[Assignment] In the entries below, which lines run from the one with "2430 Sagebrush Dr, Glenn" through the one with "Mitchell & Ness"? Repeat exactly those, both included, and no pictures.

[Given information]

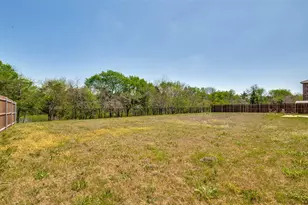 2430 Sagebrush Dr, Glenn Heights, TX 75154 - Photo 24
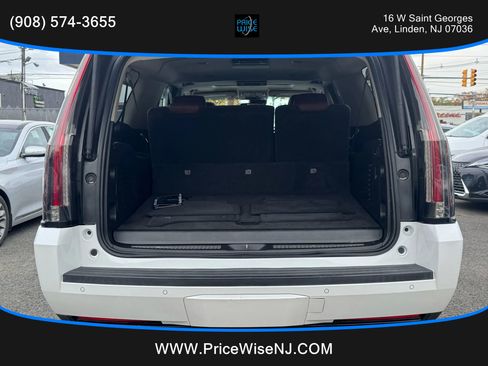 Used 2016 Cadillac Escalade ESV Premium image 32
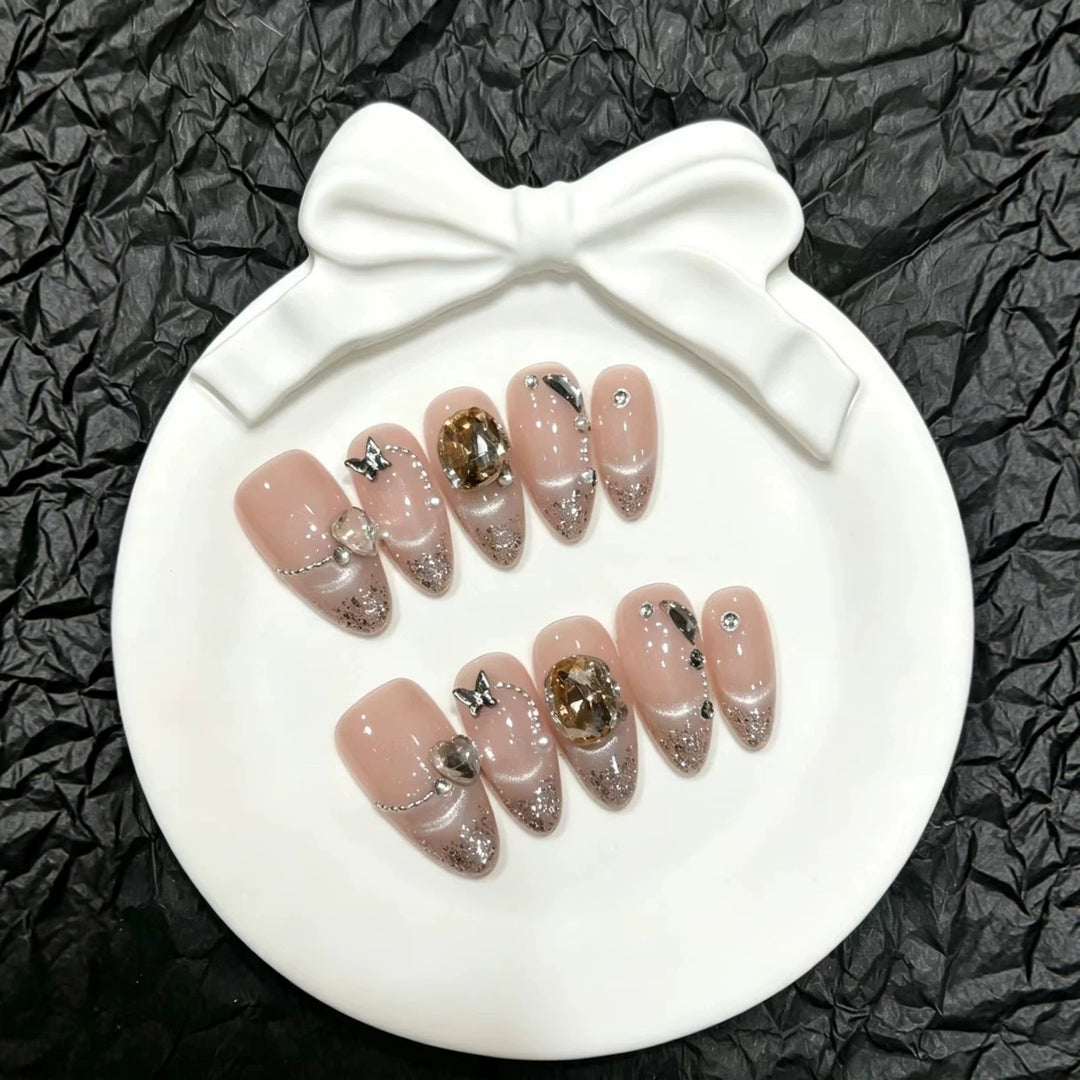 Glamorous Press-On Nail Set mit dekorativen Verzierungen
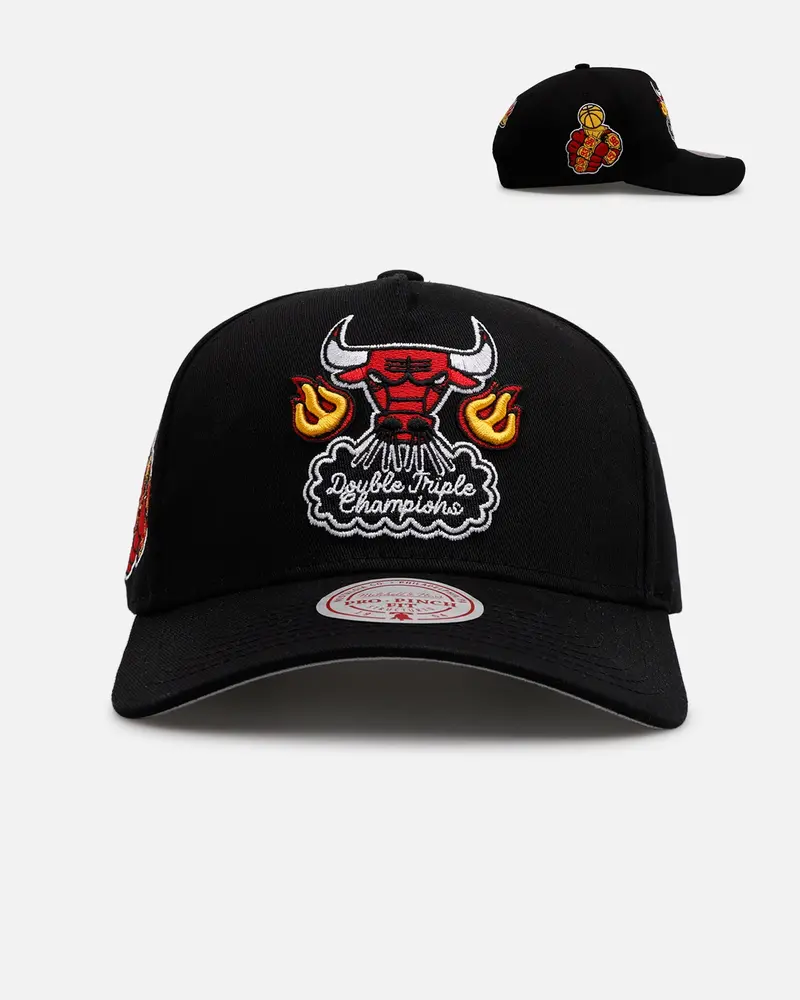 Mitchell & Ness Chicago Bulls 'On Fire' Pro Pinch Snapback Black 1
* * *
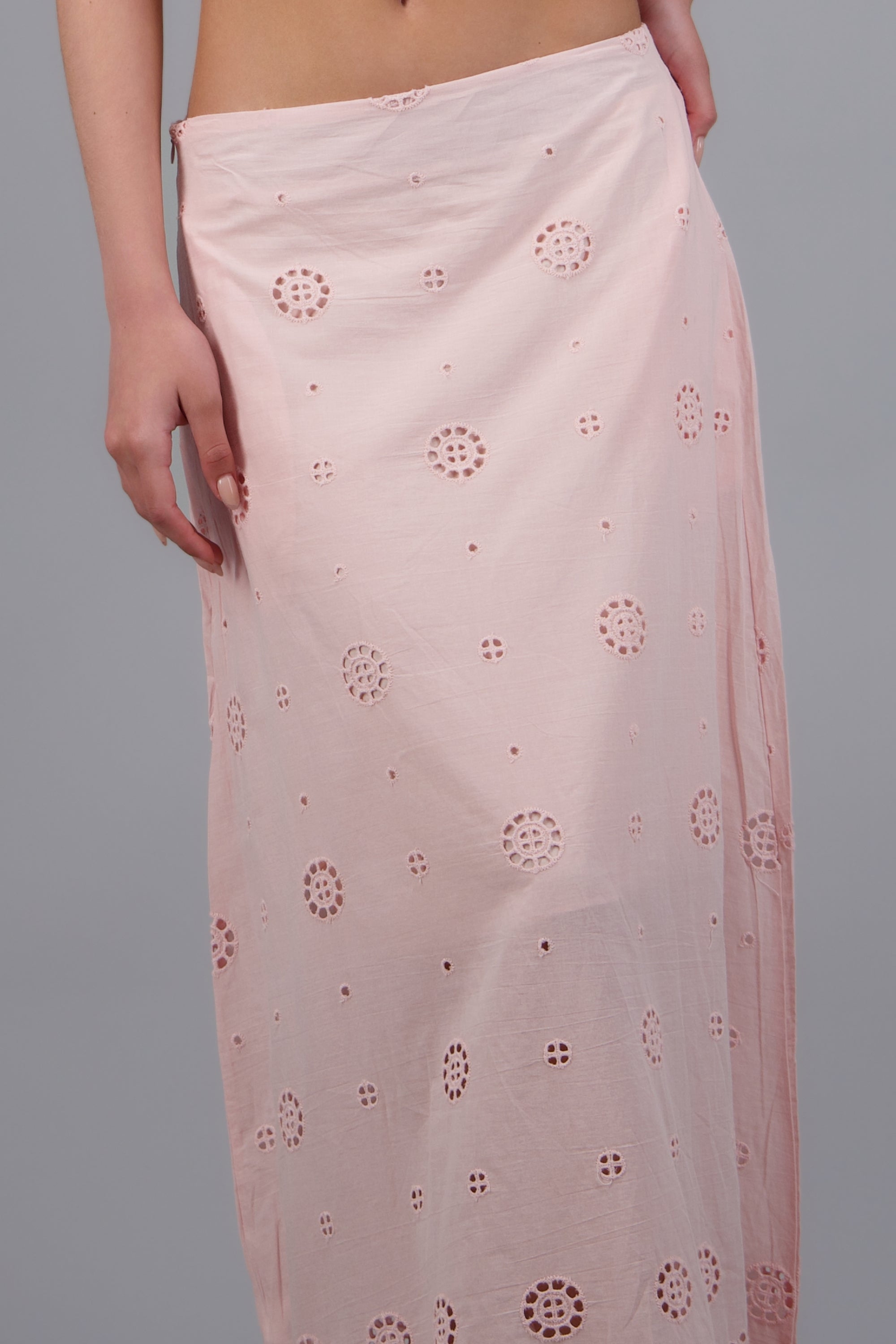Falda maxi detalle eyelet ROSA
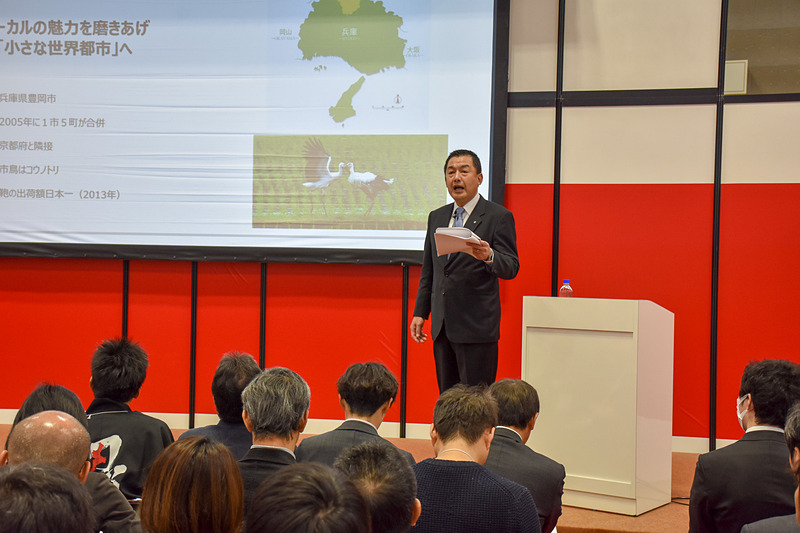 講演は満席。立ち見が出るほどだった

[Response to the exercise]
 2430 Sagebrush Dr, Glenn Heights, TX 75154 - Photo 24
 Used 2016 Cadillac Escalade ESV Premium image 32
 Glamorous Press-On Nail Set mit dekorativen Verzierungen
 Mitchell & Ness Chicago Bulls 'On Fire' Pro Pinch Snapback Black 1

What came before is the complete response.